A limitation of previous work was that parallel imaging (PI) was not used, which is commonly available. Thus, in the present work we: (1) characterized the distortion magnitude with and without PI using a breast phantom on EPI-DWI data with PE along anterior-posterior (AP) direction, and (2) tested the feasibility of collecting breast EPI-DWI data in vivo with this protocol.
Methods
A breast phantom5 was scanned using a 3T MRI scanner (GE Healthcare, USA) and 8-channel breast array. Imaging parameters: T1-weighted fat-suppressed spoiled gradient recalled echo (SPGR)— TE/TR=2.7/5.6ms, FA=15°, FOV=360×360mm2, acquisition matrix=512×400, voxel size=0.7×0.7×2.4mm3; high b-value EPI-DWI — TE/TR=86/5500ms, FOV=360×360mm2, acquisition matrix=180×180, voxel size=1.4×1.4×3mm3, maximum b-value=3000 s/mm2, PE direction=AP, and collected without and with PI (factor=2). All EPI-DWI data were distortion corrected using RPG (Figure 1).One side of the breast phantom contains a polycarbonate plate with 84 circles of varying diameter (1-10mm). Regions of interest (ROIs) were manually placed in the center of each circle on structural and DWI data (Osirix, Pixmeo, Switzerland). The spatial discrepancy between the circle centers with respect to the structural images was measured to quantify the distortion magnitude. ROIs over each circle and a background ROI were also drawn to estimate the signal-to-noise ratio (SNR) on EPI-DWI b=0 s/mm2 images.

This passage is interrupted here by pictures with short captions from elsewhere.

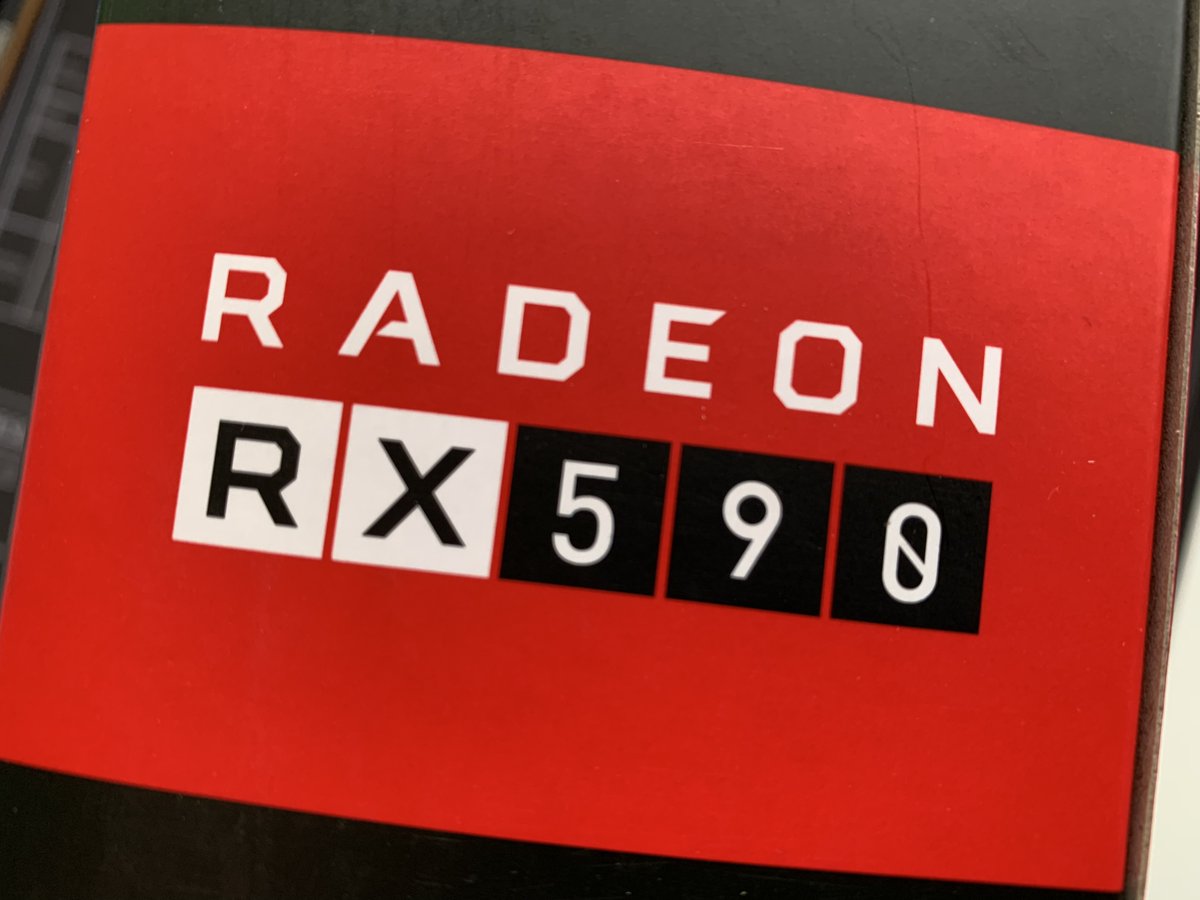 Risorsa grafica - foto, screenshot o immagine in genere - relativa ai contenuti pubblicati da amdzone.it | Nome immagine: news28915_AMD-Radeon-RX-590-Leaked-Photo_1.jpg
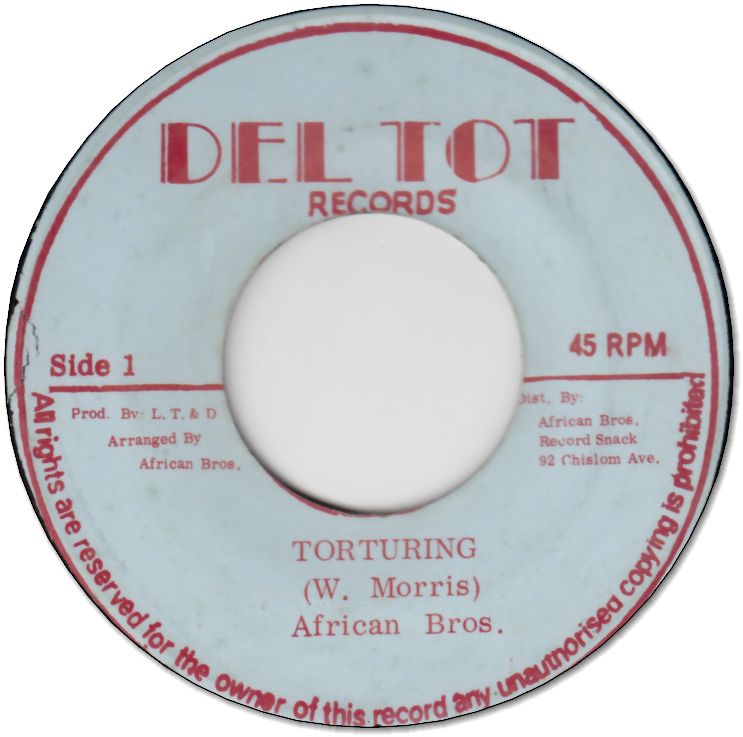 TORTURING (VG+) / DUB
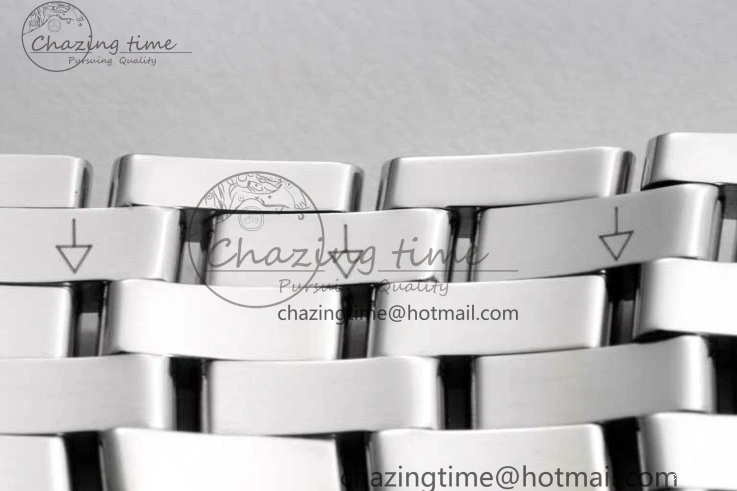 0228 De Ville SS DIWF 1:1 Best Edition Light Blue Dial SS Markers on SS Bracelet MIYOTA TopPick 7850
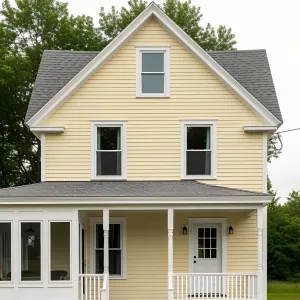 Sunny Side Up: Yellow Farmhouse Delight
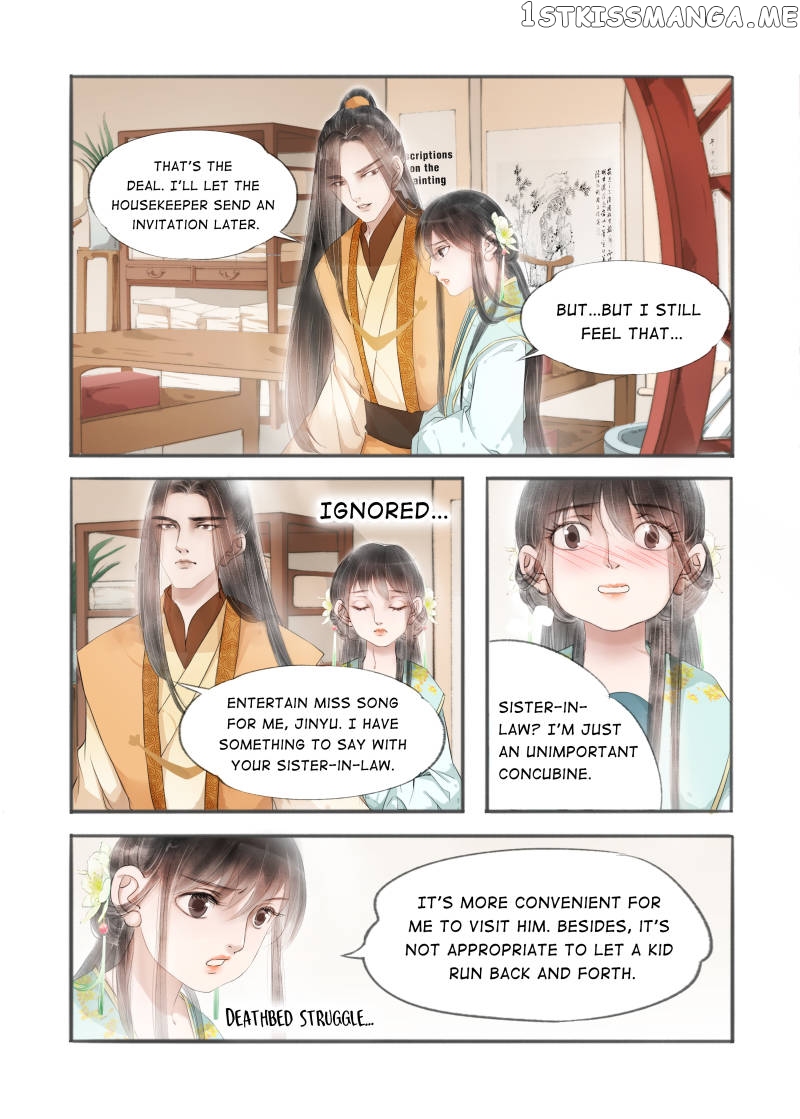 My Dear Concubine chapter 68 - page 7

To test the feasibility of performing EPI-DWI with PE FOV along the AP direction, we collected data using the high b-value EPI-DWI sequence described above and the clinical standard DWI protocol at our institution (below), in three healthy volunteers. Clinical EPI-DWI— TE/TR=58/4000ms, FOV=360×360mm2, acquisition matrix=128×128, voxel size=1.4×1.4×5mm3, maximum b-value=800 s/mm2, PE direction=AP.
Two-way repeated measures analysis of variance (RM-ANOVA) and post-hoc tests were used to evaluate the effects of PI and distortion correction on distortion magnitude in phantom data.
Results
The distortion magnitude was ~50% less when PI was used (5.7±3.2 versus 10.3±5.8mm; p<0.05), and RPG reduced the distortions in both datasets (p<0.05). Residual distortion was larger (p<0.05) in the dataset collected without PI (7.2±5.3 versus 2.6±1.8mm). The images with least distortion (p<0.05) were those collected with PI and corrected with RPG. Distortion magnitude varied across the phantom structure and was largest posteriorly and laterally (Figure 2).The SNR was on average 17.1±15.0% lower on data collected with PI. SNR also varied across the phantom and was lower in the posterior and lateral regions (Figure 3). None of the 1 and 2 mm diameter circles were observable on DWI data collected with or without PI.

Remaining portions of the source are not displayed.